◆ Task item: Repeat every line of the listing below exactly, minus the pictures.

◆ Data extract:
---------------

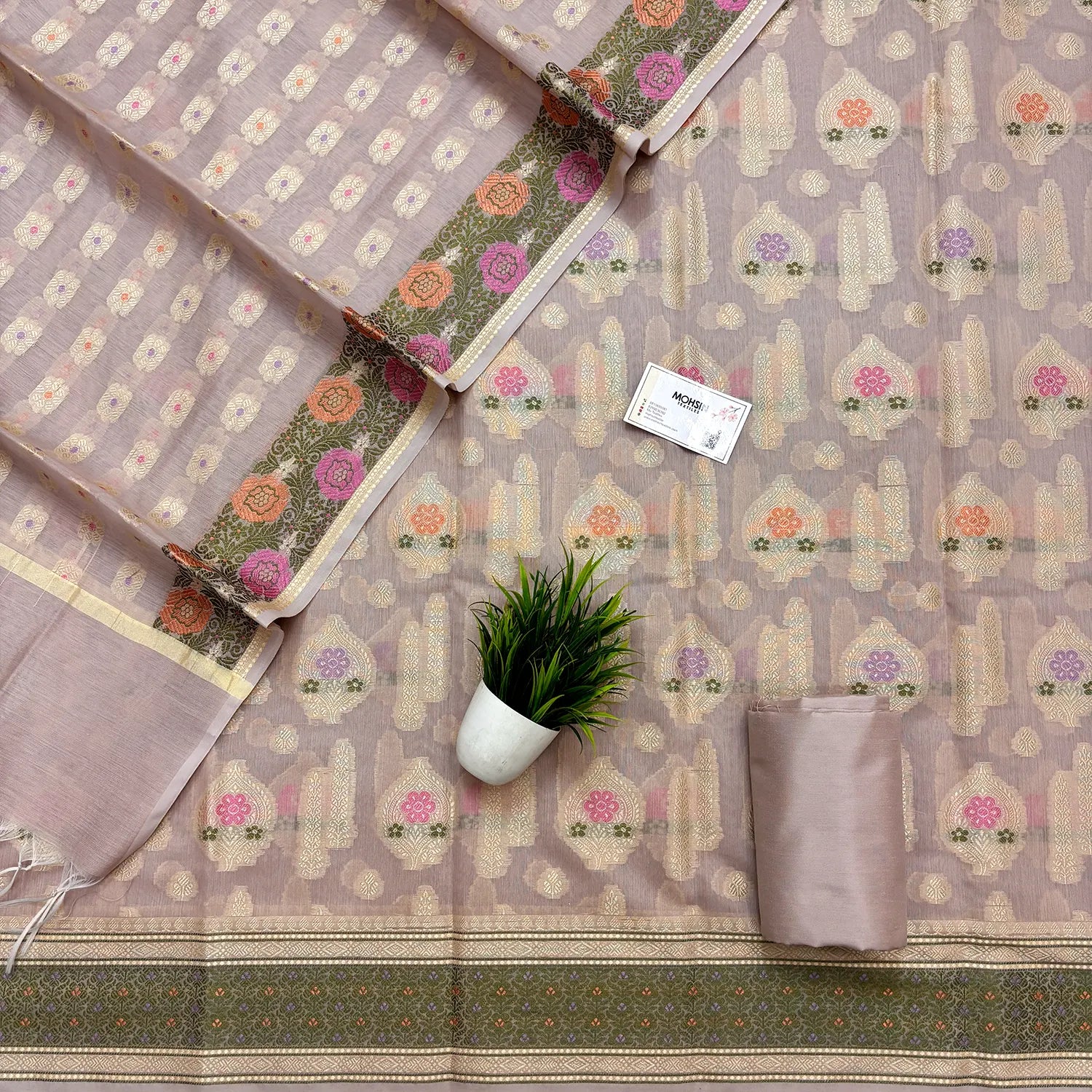 Onion Resham Banarasi Silk Suit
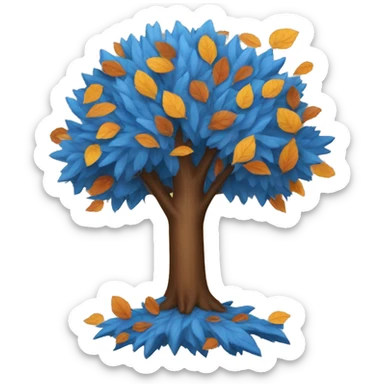 Autumn tree with blue leaves sticker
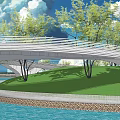 Modern Park Landscape With Winding Paths Spiral Structures Water Features And Greenery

---------------

◆ Result for this task:
 Onion Resham Banarasi Silk Suit
 Autumn tree with blue leaves sticker
 Modern Park Landscape With Winding Paths Spiral Structures Water Features And Greenery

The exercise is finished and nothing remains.